Aside – I haven’t done much active development since the end of august, and git-bz just choked on the cookie database of a recent nightly when I tried it. A 3.6 profile still works fine though.
Edit – dwitte points out in the comments that this is due to a change in the sqlite database format, and should be fixed by upgrading to sqlite 3.7.x.
Multiple Working Directories
The ability to multitask is crucial to being productive in the Mozilla ecosystem. I can be waiting on tryserver results for one patch, guidance from bz on a second, review from Jeff on a third, and a dependent patch from Joe for a fourth. I need to be able to work on multiple patches at once, and context-switch quickly.
In theory, multitasking with git is quite simple: just do a git checkout of the branch you want to work on. However, some code changes require significant rebuilding. For example, if I have a patch that modifies nsDocument.h, context-switching between that patch and any other patch incurs a massive recompilation burden.
I’ve heard through the grape-vine that bz manages this problem by having 8 different mercurial repositories (each with its own object directory), and economizing on space via hardlinks. This eliminates the recompilation burden, but doesn’t allow work to be easily shared between repositories. For example, I might want to give both bling and substrate separate object directories, but still be able to rebase bling on top of new code in substrate.
Thankfully, git allows me to get the best of both worlds with multiple working directories.
/files/mozilla/src (blah) $ mkdir ../proj
/files/mozilla/src (blah) $ cd ../proj
/files/mozilla/proj/ $ git-new-workdir ../src a
This gives me a full working directory and a lightweight repository that is composed mostly of symlinks to files in ../src/.git/. Everything is shared seamlessly between them, and just about the only thing private to the new repository is the HEAD file, which specifies the checked-out branch. I can then make a .mozconfig pointing to a new object directory in /files/mozilla/build/a, and build away.

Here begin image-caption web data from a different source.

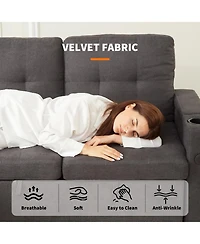 homfan Velvet Sectional Sofa Bed – Chaise Lounge Sleeper Couch with Usb Ports and Cup Holders for Living Room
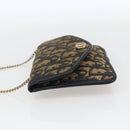 Christian Dior Trotter Canvas Chain Shoulder Pouch Navy Gold Auth 170883-3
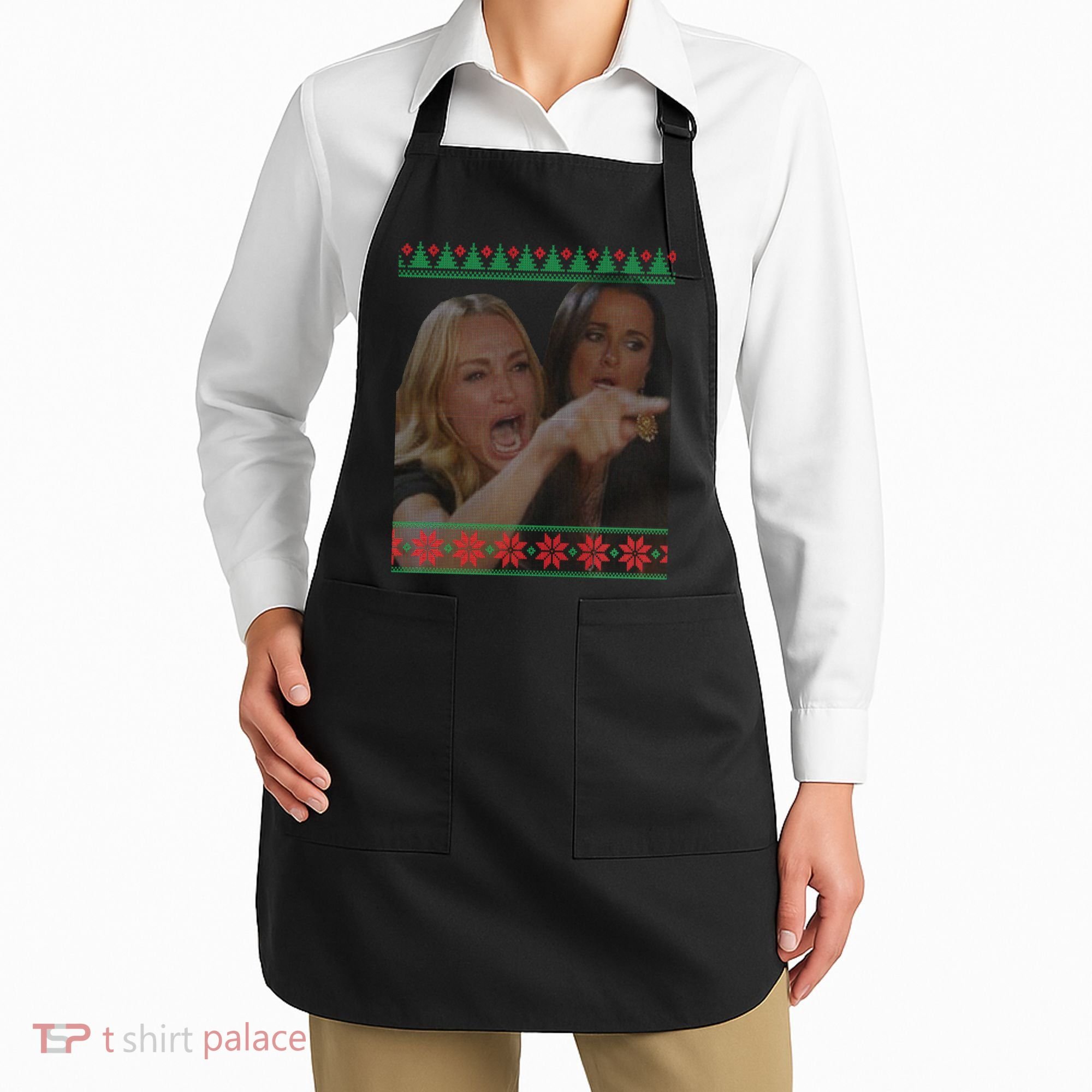 Yelling At Cat Meme Funny Ugly Christmas Apron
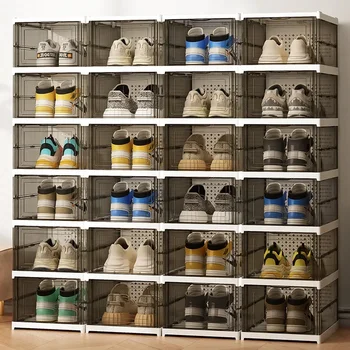 Dustproof 6 Layers Foldable Shoes Box Stackable Transparent Thickened Plastic Bins Sneaker Shoe Organizer Cabinet Organizers 2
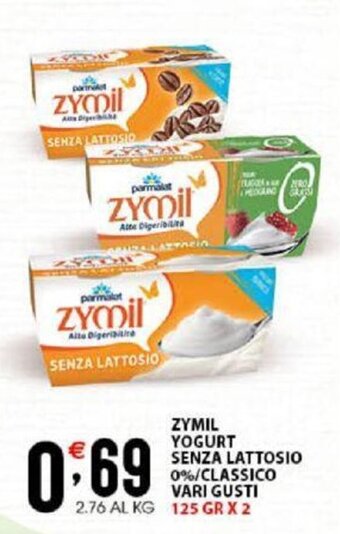 Sisa parmalat Zymil Yogurt Senza Lattosio 0% Classico vari gusti 125 gr x 2 offerta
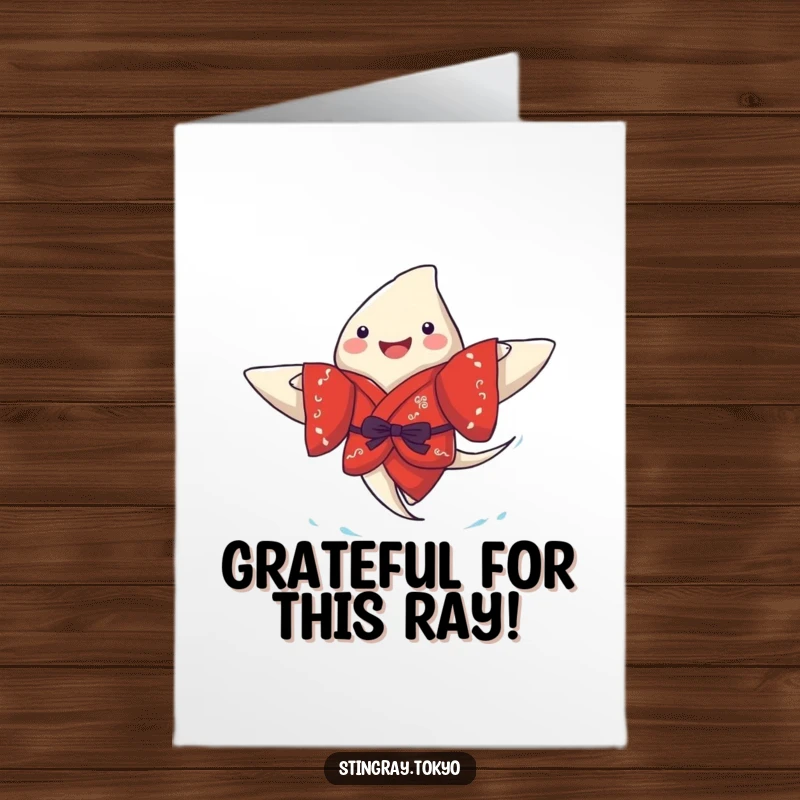 Funny Free Printable Thank You Card: A smiling stingray in a red kimono glides gracefully, conveying thanks.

Earlier in this post I promised to explain where /files/mozilla/link came from.
I initially started using git with a mirror maintained by Julien Rivaud. Unfortunately, there was some flakiness with the cron job, and the repository would often stop updating from mozilla-central. So I decided to generate my own mirror. Edit: Julien mentions in the comments that the repository should be reliable now. Give it a shot!
Long-story short: don't use hg-git. It chokes miserably on mozilla-central. Instead, use hg-fast-export. Let it run overnight, and it should be done in the morning. Incremental updates are also very fast (roughly linear in the number of new commits), so I don't ever find myself waiting for it.

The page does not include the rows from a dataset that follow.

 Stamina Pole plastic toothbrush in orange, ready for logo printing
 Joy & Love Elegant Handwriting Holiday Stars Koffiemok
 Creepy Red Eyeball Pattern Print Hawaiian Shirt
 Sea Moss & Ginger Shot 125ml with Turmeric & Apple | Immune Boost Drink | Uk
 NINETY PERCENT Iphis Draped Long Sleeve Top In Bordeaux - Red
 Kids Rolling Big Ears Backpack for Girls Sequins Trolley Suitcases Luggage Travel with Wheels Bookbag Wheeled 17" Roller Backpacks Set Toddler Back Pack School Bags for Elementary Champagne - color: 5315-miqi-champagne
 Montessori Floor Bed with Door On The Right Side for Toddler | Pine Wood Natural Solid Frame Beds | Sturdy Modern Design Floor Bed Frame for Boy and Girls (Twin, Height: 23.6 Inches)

- From a general zippiness standpoint, git seems about 5 times faster than Mercurial. Your mileage may vary.
- Overall, I really like the garbage-collection model of git. With Mercurial, rewriting history involves stripping entries out of the repository, which can be very slow. With git, unwanted objects go away just by redirecting pointers, and they're still recoverable (with careful munging) until the next git gc.
- I've found that I'm spending a lot less time dealing with merge conflicts than I did when I was using hg/mq. Git seems to be pretty smart about these things, and I think it uses 3 lines of context internally. In contrast, it's standard to use 8 lines of context for mq patches so they can be easily exported to bugzilla. I've modified git-bz to generate 8 lines of context when posting to bugzilla, which allows me to be more efficient locally while still sharing my work in the appropriate format.
There's lots more to say about git, but I think that this is enough for now. Share your experiences in the comments!